Repeat the records. Keep every word and mark exactly as it is.

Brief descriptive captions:
------------------------------

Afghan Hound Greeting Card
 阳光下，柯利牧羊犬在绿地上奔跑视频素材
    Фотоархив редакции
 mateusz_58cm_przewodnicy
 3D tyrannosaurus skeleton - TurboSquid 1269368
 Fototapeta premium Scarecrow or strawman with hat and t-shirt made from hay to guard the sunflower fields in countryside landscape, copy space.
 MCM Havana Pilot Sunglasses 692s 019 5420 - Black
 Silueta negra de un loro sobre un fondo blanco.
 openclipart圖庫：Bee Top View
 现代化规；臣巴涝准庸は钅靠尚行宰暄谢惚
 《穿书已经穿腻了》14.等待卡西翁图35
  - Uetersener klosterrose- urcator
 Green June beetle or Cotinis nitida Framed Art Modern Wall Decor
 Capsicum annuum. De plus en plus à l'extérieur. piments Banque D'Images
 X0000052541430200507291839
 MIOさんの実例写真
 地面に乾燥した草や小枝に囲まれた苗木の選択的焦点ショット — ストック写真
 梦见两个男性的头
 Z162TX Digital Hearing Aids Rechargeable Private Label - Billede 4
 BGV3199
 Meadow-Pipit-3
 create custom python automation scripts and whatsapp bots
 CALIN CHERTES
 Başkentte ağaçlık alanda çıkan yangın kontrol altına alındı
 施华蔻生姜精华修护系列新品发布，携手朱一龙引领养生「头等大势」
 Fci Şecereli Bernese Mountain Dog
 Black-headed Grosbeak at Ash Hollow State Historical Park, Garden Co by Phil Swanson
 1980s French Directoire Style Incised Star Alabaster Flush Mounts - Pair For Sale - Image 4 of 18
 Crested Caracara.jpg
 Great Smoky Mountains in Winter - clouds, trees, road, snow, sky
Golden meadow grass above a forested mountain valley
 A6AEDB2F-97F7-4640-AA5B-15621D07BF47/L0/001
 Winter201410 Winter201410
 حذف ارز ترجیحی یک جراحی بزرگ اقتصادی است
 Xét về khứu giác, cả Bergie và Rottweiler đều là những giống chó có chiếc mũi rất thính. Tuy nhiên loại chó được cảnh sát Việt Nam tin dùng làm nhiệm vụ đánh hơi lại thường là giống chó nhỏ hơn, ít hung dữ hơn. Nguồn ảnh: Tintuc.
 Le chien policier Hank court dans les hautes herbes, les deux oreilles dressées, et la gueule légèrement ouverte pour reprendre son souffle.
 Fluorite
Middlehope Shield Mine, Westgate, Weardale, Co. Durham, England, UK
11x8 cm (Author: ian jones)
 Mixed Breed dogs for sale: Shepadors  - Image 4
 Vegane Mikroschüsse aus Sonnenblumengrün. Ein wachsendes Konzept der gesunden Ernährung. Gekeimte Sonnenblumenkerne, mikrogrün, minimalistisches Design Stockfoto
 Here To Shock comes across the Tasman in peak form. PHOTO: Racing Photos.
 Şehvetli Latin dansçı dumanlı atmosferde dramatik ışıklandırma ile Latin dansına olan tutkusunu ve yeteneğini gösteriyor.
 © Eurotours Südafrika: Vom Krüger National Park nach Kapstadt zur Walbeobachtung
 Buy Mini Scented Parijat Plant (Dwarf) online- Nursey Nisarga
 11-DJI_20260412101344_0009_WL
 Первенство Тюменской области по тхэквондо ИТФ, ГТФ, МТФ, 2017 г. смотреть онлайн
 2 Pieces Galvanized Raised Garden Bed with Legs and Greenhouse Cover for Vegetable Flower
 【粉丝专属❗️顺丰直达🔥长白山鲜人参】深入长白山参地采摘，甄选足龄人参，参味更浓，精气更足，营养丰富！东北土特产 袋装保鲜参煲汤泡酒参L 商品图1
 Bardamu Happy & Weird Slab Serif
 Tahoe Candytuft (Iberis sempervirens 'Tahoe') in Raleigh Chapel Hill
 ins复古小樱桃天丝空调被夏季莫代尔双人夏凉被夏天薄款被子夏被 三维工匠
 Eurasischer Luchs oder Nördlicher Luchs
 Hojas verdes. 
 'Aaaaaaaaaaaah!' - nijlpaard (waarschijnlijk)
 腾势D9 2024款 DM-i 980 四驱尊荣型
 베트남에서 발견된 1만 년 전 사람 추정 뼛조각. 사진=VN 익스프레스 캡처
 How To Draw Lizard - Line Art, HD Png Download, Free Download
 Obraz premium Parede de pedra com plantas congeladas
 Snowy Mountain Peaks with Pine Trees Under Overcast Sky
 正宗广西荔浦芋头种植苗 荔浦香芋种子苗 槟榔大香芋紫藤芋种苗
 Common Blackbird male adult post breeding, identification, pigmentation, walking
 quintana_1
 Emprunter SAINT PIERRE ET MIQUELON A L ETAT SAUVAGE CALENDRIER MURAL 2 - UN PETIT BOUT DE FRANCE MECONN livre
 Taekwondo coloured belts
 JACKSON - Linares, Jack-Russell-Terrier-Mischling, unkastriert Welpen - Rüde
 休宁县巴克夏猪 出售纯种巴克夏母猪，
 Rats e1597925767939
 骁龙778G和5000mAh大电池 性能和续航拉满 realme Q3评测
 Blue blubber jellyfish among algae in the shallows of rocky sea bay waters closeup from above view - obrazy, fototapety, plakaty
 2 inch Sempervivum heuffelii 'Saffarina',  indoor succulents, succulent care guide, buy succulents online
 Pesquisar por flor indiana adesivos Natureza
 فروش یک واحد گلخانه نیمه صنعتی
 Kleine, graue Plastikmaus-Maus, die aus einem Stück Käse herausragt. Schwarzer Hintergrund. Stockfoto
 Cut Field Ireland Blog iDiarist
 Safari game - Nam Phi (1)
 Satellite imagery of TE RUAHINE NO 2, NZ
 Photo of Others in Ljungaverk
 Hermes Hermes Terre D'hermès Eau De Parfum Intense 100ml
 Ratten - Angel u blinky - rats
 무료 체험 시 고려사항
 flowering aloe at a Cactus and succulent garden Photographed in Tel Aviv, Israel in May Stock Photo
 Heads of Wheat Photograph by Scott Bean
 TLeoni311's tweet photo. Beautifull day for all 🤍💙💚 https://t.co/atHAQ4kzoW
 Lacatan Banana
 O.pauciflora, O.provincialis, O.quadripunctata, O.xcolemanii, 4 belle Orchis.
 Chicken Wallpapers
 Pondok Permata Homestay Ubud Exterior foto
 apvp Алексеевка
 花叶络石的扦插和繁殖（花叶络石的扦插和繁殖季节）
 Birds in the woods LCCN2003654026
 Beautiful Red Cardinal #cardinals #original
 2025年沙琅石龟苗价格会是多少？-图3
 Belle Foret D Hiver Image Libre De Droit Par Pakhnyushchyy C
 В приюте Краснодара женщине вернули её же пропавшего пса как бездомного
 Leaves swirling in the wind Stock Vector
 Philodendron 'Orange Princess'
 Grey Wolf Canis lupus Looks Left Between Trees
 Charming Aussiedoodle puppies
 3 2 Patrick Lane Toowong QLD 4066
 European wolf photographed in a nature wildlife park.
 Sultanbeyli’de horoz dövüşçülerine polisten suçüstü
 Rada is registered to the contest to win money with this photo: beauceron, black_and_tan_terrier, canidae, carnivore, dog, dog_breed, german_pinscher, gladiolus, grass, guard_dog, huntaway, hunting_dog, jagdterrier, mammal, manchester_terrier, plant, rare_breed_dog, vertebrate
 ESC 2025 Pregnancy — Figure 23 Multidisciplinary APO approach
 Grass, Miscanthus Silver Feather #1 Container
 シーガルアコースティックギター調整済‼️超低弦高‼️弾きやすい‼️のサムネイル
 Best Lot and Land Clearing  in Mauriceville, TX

------------------------------

Answer to this task:
Afghan Hound Greeting Card
 阳光下，柯利牧羊犬在绿地上奔跑视频素材
    Фотоархив редакции
 mateusz_58cm_przewodnicy
 3D tyrannosaurus skeleton - TurboSquid 1269368
 Fototapeta premium Scarecrow or strawman with hat and t-shirt made from hay to guard the sunflower fields in countryside landscape, copy space.
 MCM Havana Pilot Sunglasses 692s 019 5420 - Black
 Silueta negra de un loro sobre un fondo blanco.
 openclipart圖庫：Bee Top View
 现代化规；臣巴涝准庸は钅靠尚行宰暄谢惚
 《穿书已经穿腻了》14.等待卡西翁图35
  - Uetersener klosterrose- urcator
 Green June beetle or Cotinis nitida Framed Art Modern Wall Decor
 Capsicum annuum. De plus en plus à l'extérieur. piments Banque D'Images
 X0000052541430200507291839
 MIOさんの実例写真
 地面に乾燥した草や小枝に囲まれた苗木の選択的焦点ショット — ストック写真
 梦见两个男性的头
 Z162TX Digital Hearing Aids Rechargeable Private Label - Billede 4
 BGV3199
 Meadow-Pipit-3
 create custom python automation scripts and whatsapp bots
 CALIN CHERTES
 Başkentte ağaçlık alanda çıkan yangın kontrol altına alındı
 施华蔻生姜精华修护系列新品发布，携手朱一龙引领养生「头等大势」
 Fci Şecereli Bernese Mountain Dog
 Black-headed Grosbeak at Ash Hollow State Historical Park, Garden Co by Phil Swanson
 1980s French Directoire Style Incised Star Alabaster Flush Mounts - Pair For Sale - Image 4 of 18
 Crested Caracara.jpg
 Great Smoky Mountains in Winter - clouds, trees, road, snow, sky
Golden meadow grass above a forested mountain valley
 A6AEDB2F-97F7-4640-AA5B-15621D07BF47/L0/001
 Winter201410 Winter201410
 حذف ارز ترجیحی یک جراحی بزرگ اقتصادی است
 Xét về khứu giác, cả Bergie và Rottweiler đều là những giống chó có chiếc mũi rất thính. Tuy nhiên loại chó được cảnh sát Việt Nam tin dùng làm nhiệm vụ đánh hơi lại thường là giống chó nhỏ hơn, ít hung dữ hơn. Nguồn ảnh: Tintuc.
 Le chien policier Hank court dans les hautes herbes, les deux oreilles dressées, et la gueule légèrement ouverte pour reprendre son souffle.
 Fluorite
Middlehope Shield Mine, Westgate, Weardale, Co. Durham, England, UK
11x8 cm (Author: ian jones)
 Mixed Breed dogs for sale: Shepadors  - Image 4
 Vegane Mikroschüsse aus Sonnenblumengrün. Ein wachsendes Konzept der gesunden Ernährung. Gekeimte Sonnenblumenkerne, mikrogrün, minimalistisches Design Stockfoto
 Here To Shock comes across the Tasman in peak form. PHOTO: Racing Photos.
 Şehvetli Latin dansçı dumanlı atmosferde dramatik ışıklandırma ile Latin dansına olan tutkusunu ve yeteneğini gösteriyor.
 © Eurotours Südafrika: Vom Krüger National Park nach Kapstadt zur Walbeobachtung
 Buy Mini Scented Parijat Plant (Dwarf) online- Nursey Nisarga
 11-DJI_20260412101344_0009_WL
 Первенство Тюменской области по тхэквондо ИТФ, ГТФ, МТФ, 2017 г. смотреть онлайн
 2 Pieces Galvanized Raised Garden Bed with Legs and Greenhouse Cover for Vegetable Flower
 【粉丝专属❗️顺丰直达🔥长白山鲜人参】深入长白山参地采摘，甄选足龄人参，参味更浓，精气更足，营养丰富！东北土特产 袋装保鲜参煲汤泡酒参L 商品图1
 Bardamu Happy & Weird Slab Serif
 Tahoe Candytuft (Iberis sempervirens 'Tahoe') in Raleigh Chapel Hill
 ins复古小樱桃天丝空调被夏季莫代尔双人夏凉被夏天薄款被子夏被 三维工匠
 Eurasischer Luchs oder Nördlicher Luchs
 Hojas verdes. 
 'Aaaaaaaaaaaah!' - nijlpaard (waarschijnlijk)
 腾势D9 2024款 DM-i 980 四驱尊荣型
 베트남에서 발견된 1만 년 전 사람 추정 뼛조각. 사진=VN 익스프레스 캡처
 How To Draw Lizard - Line Art, HD Png Download, Free Download
 Obraz premium Parede de pedra com plantas congeladas
 Snowy Mountain Peaks with Pine Trees Under Overcast Sky
 正宗广西荔浦芋头种植苗 荔浦香芋种子苗 槟榔大香芋紫藤芋种苗
 Common Blackbird male adult post breeding, identification, pigmentation, walking
 quintana_1
 Emprunter SAINT PIERRE ET MIQUELON A L ETAT SAUVAGE CALENDRIER MURAL 2 - UN PETIT BOUT DE FRANCE MECONN livre
 Taekwondo coloured belts
 JACKSON - Linares, Jack-Russell-Terrier-Mischling, unkastriert Welpen - Rüde
 休宁县巴克夏猪 出售纯种巴克夏母猪，
 Rats e1597925767939
 骁龙778G和5000mAh大电池 性能和续航拉满 realme Q3评测
 Blue blubber jellyfish among algae in the shallows of rocky sea bay waters closeup from above view - obrazy, fototapety, plakaty
 2 inch Sempervivum heuffelii 'Saffarina',  indoor succulents, succulent care guide, buy succulents online
 Pesquisar por flor indiana adesivos Natureza
 فروش یک واحد گلخانه نیمه صنعتی
 Kleine, graue Plastikmaus-Maus, die aus einem Stück Käse herausragt. Schwarzer Hintergrund. Stockfoto
 Cut Field Ireland Blog iDiarist
 Safari game - Nam Phi (1)
 Satellite imagery of TE RUAHINE NO 2, NZ
 Photo of Others in Ljungaverk
 Hermes Hermes Terre D'hermès Eau De Parfum Intense 100ml
 Ratten - Angel u blinky - rats
 무료 체험 시 고려사항
 flowering aloe at a Cactus and succulent garden Photographed in Tel Aviv, Israel in May Stock Photo
 Heads of Wheat Photograph by Scott Bean
 TLeoni311's tweet photo. Beautifull day for all 🤍💙💚 https://t.co/atHAQ4kzoW
 Lacatan Banana
 O.pauciflora, O.provincialis, O.quadripunctata, O.xcolemanii, 4 belle Orchis.
 Chicken Wallpapers
 Pondok Permata Homestay Ubud Exterior foto
 apvp Алексеевка
 花叶络石的扦插和繁殖（花叶络石的扦插和繁殖季节）
 Birds in the woods LCCN2003654026
 Beautiful Red Cardinal #cardinals #original
 2025年沙琅石龟苗价格会是多少？-图3
 Belle Foret D Hiver Image Libre De Droit Par Pakhnyushchyy C
 В приюте Краснодара женщине вернули её же пропавшего пса как бездомного
 Leaves swirling in the wind Stock Vector
 Philodendron 'Orange Princess'
 Grey Wolf Canis lupus Looks Left Between Trees
 Charming Aussiedoodle puppies
 3 2 Patrick Lane Toowong QLD 4066
 European wolf photographed in a nature wildlife park.
 Sultanbeyli’de horoz dövüşçülerine polisten suçüstü
 Rada is registered to the contest to win money with this photo: beauceron, black_and_tan_terrier, canidae, carnivore, dog, dog_breed, german_pinscher, gladiolus, grass, guard_dog, huntaway, hunting_dog, jagdterrier, mammal, manchester_terrier, plant, rare_breed_dog, vertebrate
 ESC 2025 Pregnancy — Figure 23 Multidisciplinary APO approach
 Grass, Miscanthus Silver Feather #1 Container
 シーガルアコースティックギター調整済‼️超低弦高‼️弾きやすい‼️のサムネイル
 Best Lot and Land Clearing  in Mauriceville, TX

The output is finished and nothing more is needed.